Start HADR on the primary database.

     db2 start hadr on database STJ as primary
     DB20000I  The START HADR ON DATABASE command completed successfully.

     db2pd -hadr -db STJ | head -20

     Database Member 0 -- Database STJ -- Active --

                            HADR_ROLE = PRIMARY
     REPLAY_TYPE = PHYSICAL
                        HADR_SYNCMODE = NEARSYNC
                           STANDBY_ID = 1
                        LOG_STREAM_ID = 0
                           HADR_STATE = PEER
                           HADR_FLAGS = TCP_PROTOCOL
                  PRIMARY_MEMBER_HOST = dbprim00
                     PRIMARY_INSTANCE = db2stj
				                              ...
			HADR_CONNECT_STATUS = CONNECTED

Step 6: Pacemaker Cluster Setup

In this section we’ll discuss the cluster setup using Linux Pacemaker on both RHEL and SLES OS. The Linux Pacemaker works as a failover Orchestrator. It monitors both the primary and standby databases, and in the event of primary database server failure it initiates an automatic HADR takeover by the standby server. The resource agents this configuration uses are as following:

STONITH resource agent for fencing.
The db2 database resource, which is configured in a Primary/Standby configuration.
The AWS-vpc-move-ip resource, which is built by the AWS team to handle the overlay IP switch from the Db2 primary instance to standby in the event of failure.

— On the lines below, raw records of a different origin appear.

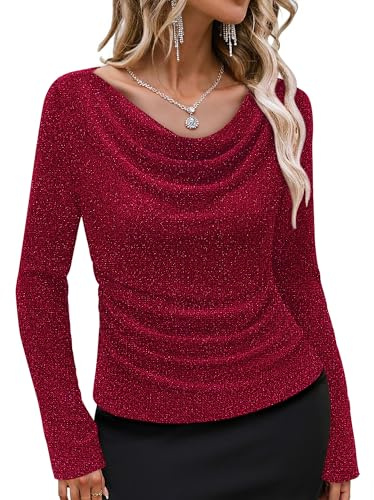 Gaharu Elegante Party Oberteile Damen: Glitzer Modische Damen-Shirt - Wasserfallkragen Festliche Bluse - Herbst Elegante Abendkleid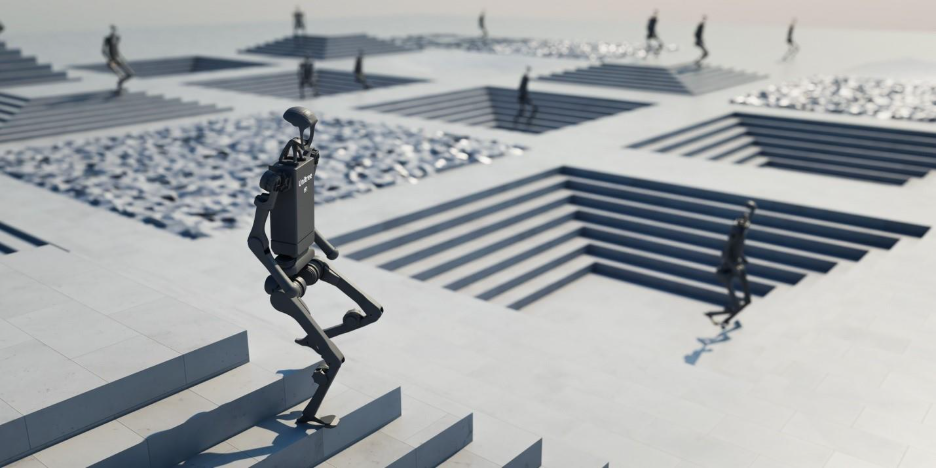 NVIDIA Isaac Lab simulation showing humanoid robots training in parallel environments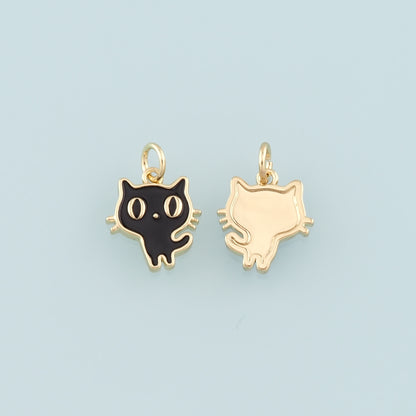 Gold Black Cat Charms,18K Gold Filled Enamel Cat Pendant,Cute Cat Charm Bracelet Necklace for DIY Jewelry Making Supply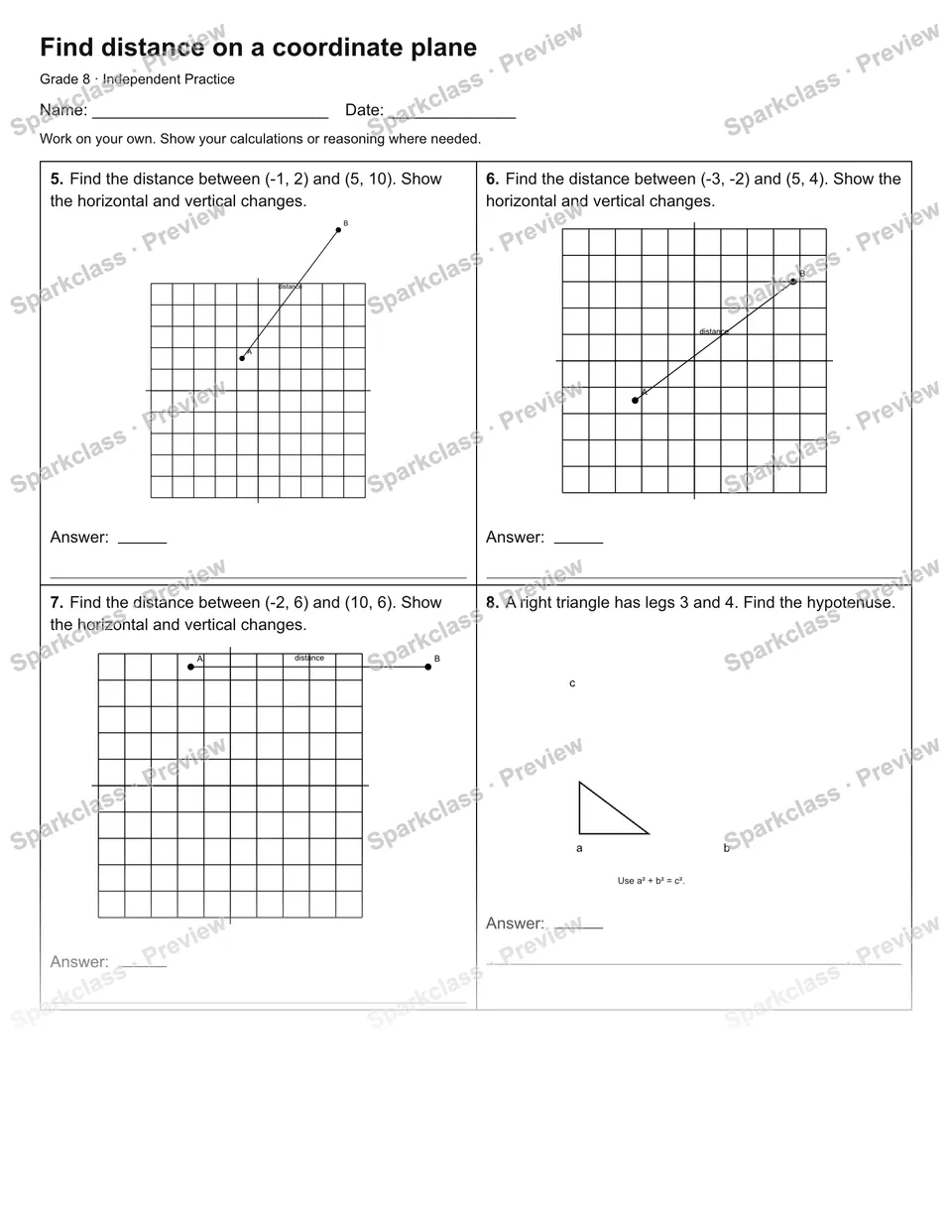 Find distance on a coordinate plane — Independent Practice — page 2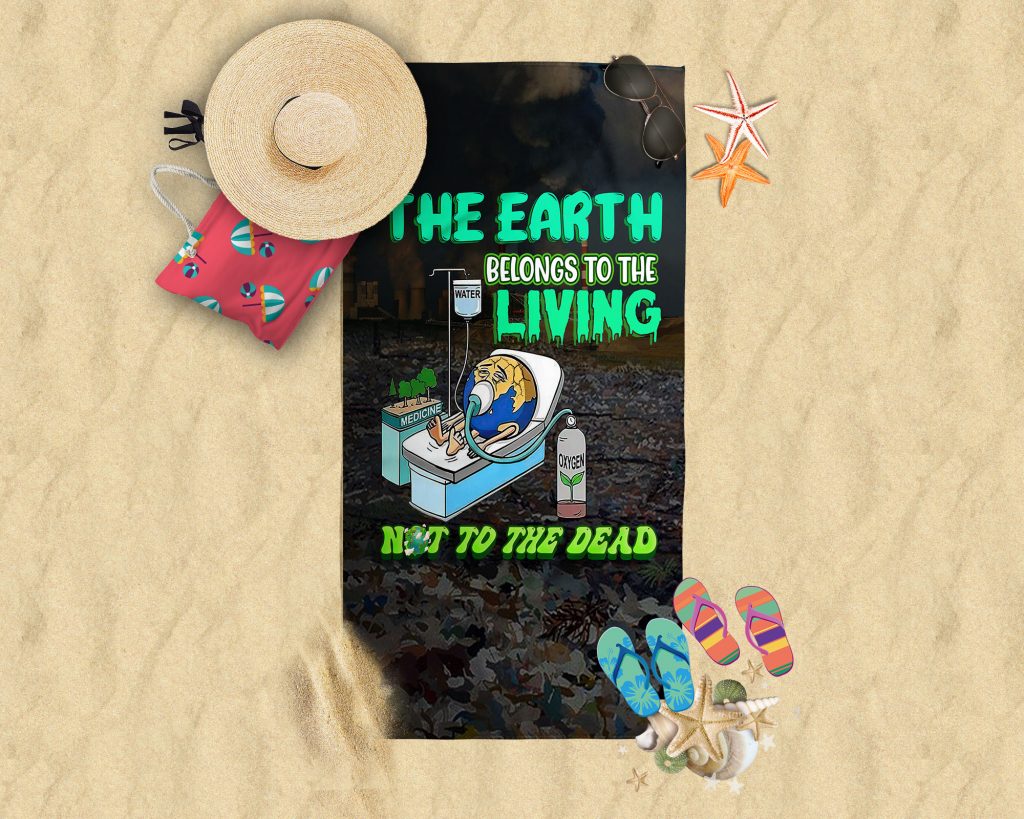 EARTH DAY UNIQUE DESIGN TOWEL, EARTH DEATH BEACH TOWEL, AIR POLLUTION, CLIMATE CHANGE EDUCATIONAL PAINTING TOWEL, 37.5X62 IN, ZERO WASTE VACATION GIFT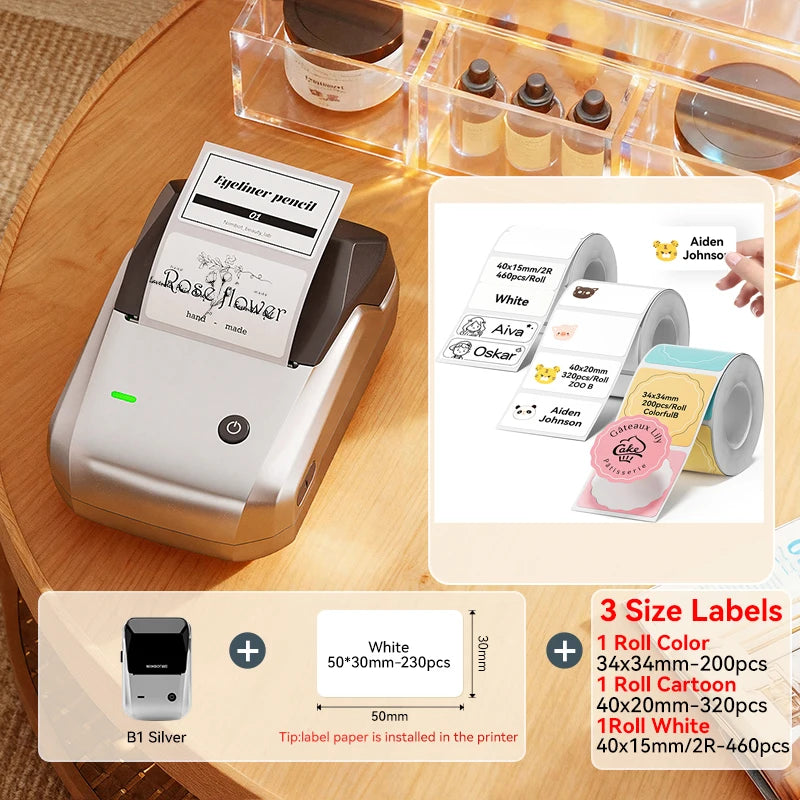 Silvery-Mix3 Rolls color Bluetooth Thermal Label Printer – Portable 2-Inch Sticker Maker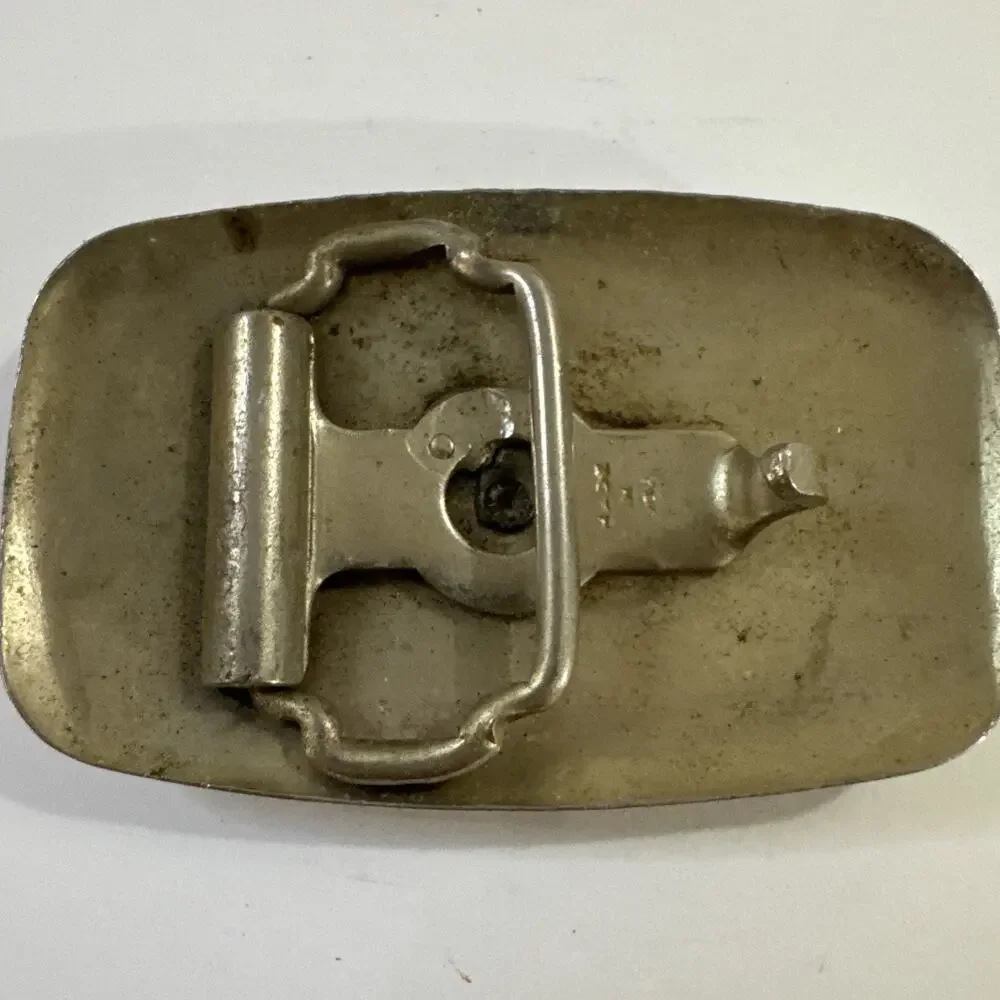 Vintage Western Belt Buckle Silver Engraved Ornate Brass Spinning Kinetic Saddle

As mentioned in the Operating System section of this document, you need the correct subscription to download these resource agents.

Important: Change the shell environment for the db2<sid> user to /bin/ksh.

To change the shell environment:

Shut down both the database servers using db2stop while logged in as db2<sid>.
Install Kornshell (ksh) (if it’s not already installed).
Run sudo usermod -s /bin/ksh db2<sid>.

Step 6a. Setup on RHEL

This section focuses on setting up the Pacemaker cluster on the RHEL operating system.

To set up the pacemaker cluster on RHEL:

Basic cluster configuration – Install the required cluster packages using both database nodes.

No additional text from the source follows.